Esta não é a primeira vez que o presidente sportinguista critica publicamente a sua equipa após uma exibição desastrosa, mas desta vez as consequências foram explosivas. É que os jogadores reagiram em bloco para mostrar o seu desagrado, com uma mensagem na rede social Instagram. Bruno de Carvalho, com a impetuosidade que o caracteriza, suspendeu todos os que partilharam o recado que, à hora de publicação desta notícia, eram 19. Os atletas da equipa B irão receber o Paços de Ferreira no próximo domingo.

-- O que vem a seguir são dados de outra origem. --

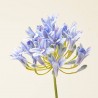 AGAPANTUS ARTIFICIAL AZUL L75CM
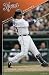 Detroit Tigers (Magglio Ordonez) Gold Wood-Mounted Sports Poster Print - 24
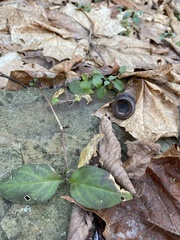 Stellaria pubera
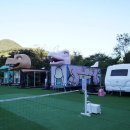 두리김밥 이미지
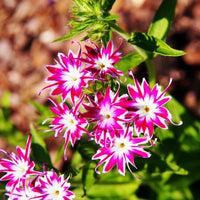 Phlox Twinkle Star Phlox paniculata Seeds for Planting for Flower Bed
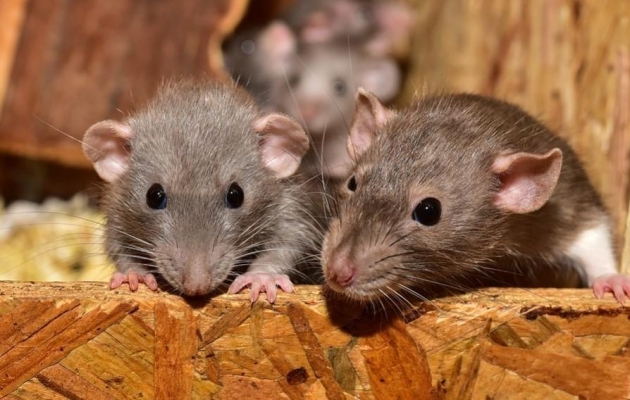 Допустившую размножение крыс и мышей в многоквартирном доме управляющую компанию оштрафовали  в Ижевске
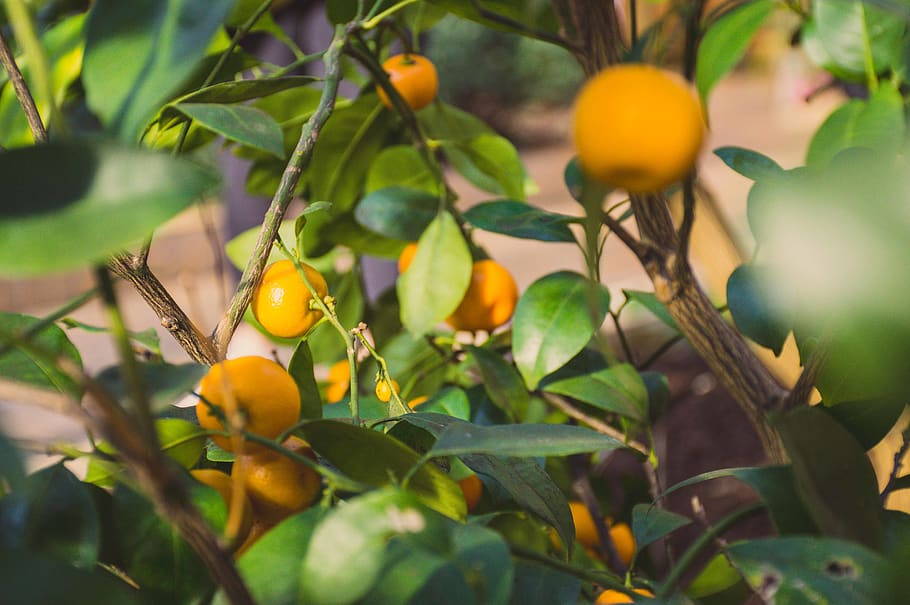 oranges on branches, leaf, plant part, food and drink, fruit HD wallpaper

“Meninos amuados, então vamos resolver”, escreveu o dirigente na sua página no Facebook, a rede social da sua preferência, na qual na véspera também criticara os jogadores. “Todos os atletas que escreveram o que em baixo descrevo estão imediatamente suspensos, tendo de enfrentar a disciplina do clube”, ameaçou. E voltou às repreensões: “Já estou farto de atitudes de miúdos mimados que não respeitam nada nem ninguém, como, por exemplo, os adeptos relativos aos quais já ouvi comentários do mais baixo possível.”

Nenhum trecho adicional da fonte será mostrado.